PRO 14 gave SA a lifeline and an option for the future
In London in April, SANZAAR came to the irrefutable conclusion that Super Rugby in its 18-team format wasn’t working, and agreed painful decisions were inevitable.
Cutting the competition down by three teams was the preferred outcome but it wouldn’t come without collateral damage.
SA Rugby saw the down-scaling as an opportunity rather than a hurdle, unlike Australia, who didn't see an up side.
The Australian Rugby Union handled the rationalisation of one of its teams with all the skill of a drunken carpark fan maul after a big game.
SA Rugby chief executive Jurie Roux showed some deft boardroom bobbing and weaving as he opened communications with then PRO12 counterpart Martin Anayi about the possibility of adding two SA teams – the Cheetahs and Southern Kings.
The ambitious British, Irish and European organisation also saw the opportunity and dialogue began, which gave Roux a sweetener to sell to the SA teams on the Super Rugby chopping block.
The Cheetahs and Kings could fight for Super Rugby inclusion through costly arbitration and face potential ruin, or they could be pioneers in the expansion of a competition that wants to grow to a level where it competes with England’s Aviva Premiership.
In the end the decision was easy.
“When I joined two years ago, the board and shareholders [of PRO 12 as it was then] had a very clear plan that this tournament should expand,” Anayi said.
“It’s an across border tournament and we sit in an economic environment where we have to do things differently. We need bigger first party markets where we can spread across multiple territories. With that in mind we always looked at South Africa to fit that bill.
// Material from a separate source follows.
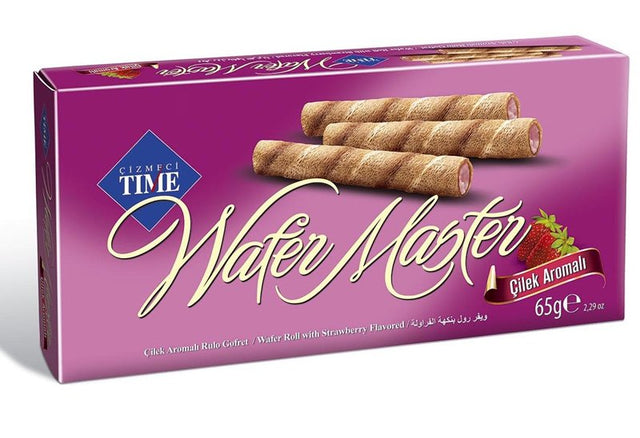 Wafer Master Carton Box Strawberry 65G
“When we talked to Jurie it all came together quickly because those fundamental pieces were in place and so it was mutually beneficial, but in the right way. It took a matter of months to put together.
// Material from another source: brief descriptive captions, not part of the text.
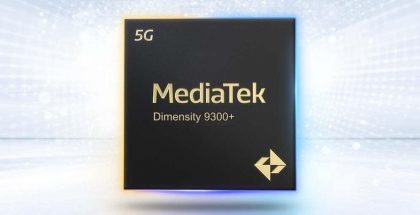 MediaTek Dimensity 9300+.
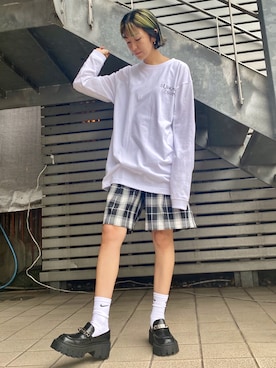 CandyStripper_mikiさん（レディース・162cm）の秋コーディネート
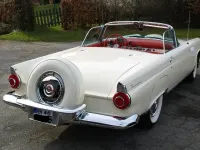 Gebraucht Ford Thunderbird 184 PS (135 kW) 1956 Weiß Cabrio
“When we chose to go with South Africa we considered many aspects when looking to expand – logistics, player welfare, commercial value and the way the teams play in SA. They were playing the same attacking rugby we were playing.
“When you put that together with the time zone – it’s only an overnight flight and no jet lag – that hurdle took care of itself. There is also a passionate fan base, which made it compelling.”
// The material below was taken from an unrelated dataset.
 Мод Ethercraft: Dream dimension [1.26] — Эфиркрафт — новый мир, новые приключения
The hasty inclusion of the two SA teams had a negative impact on the Currie Cup, where the Cheetahs had to field two teams in overlapping competitions.
But these were small sacrifices for an initial R25m a year competition fee from PRO 14 and the opportunity to play against some of the best club teams in the world.
“Our first objective was to get two teams playing international rugby and we have achieved that, which has provided commercial value through broadcast revenue and sponsorship income,” Roux said.
“It will be tough in the first two years, we are not blind to that, but hopefully after that period SA will have proved itself.
“The Kings are in much better financial shape than they were. As with any international competition SA Rugby has the responsibility to underwrite the teams that participate in a competition. PRO 14 is no different.
“There are some clashes with the local competitions [Currie Cup] in this first season but we will overcome that after our restructuring meetings.
“Sacrifices will have to be made if you go global, and one of the possible scenarios is that there is a reduction of strength versus strength to a single round rather than a double round [in the Currie Cup].
“The global calendar is changing in 2021 and there will be significant changes because it will affect how we can restructure our tournaments.”
The Cheetahs are currently on play-off position while the Kings (at the time of writing) had yet to win a game in PRO 14.
But both sides have added to the flavour and diversity of the tournament and with PRO 14 in the market to expand even further, teams such as newly licensed franchises such as the Pumas and Griquas, could find themselves in the tournament in years to come.
PRO 14 has given SA a compelling alternative to Super Rugby.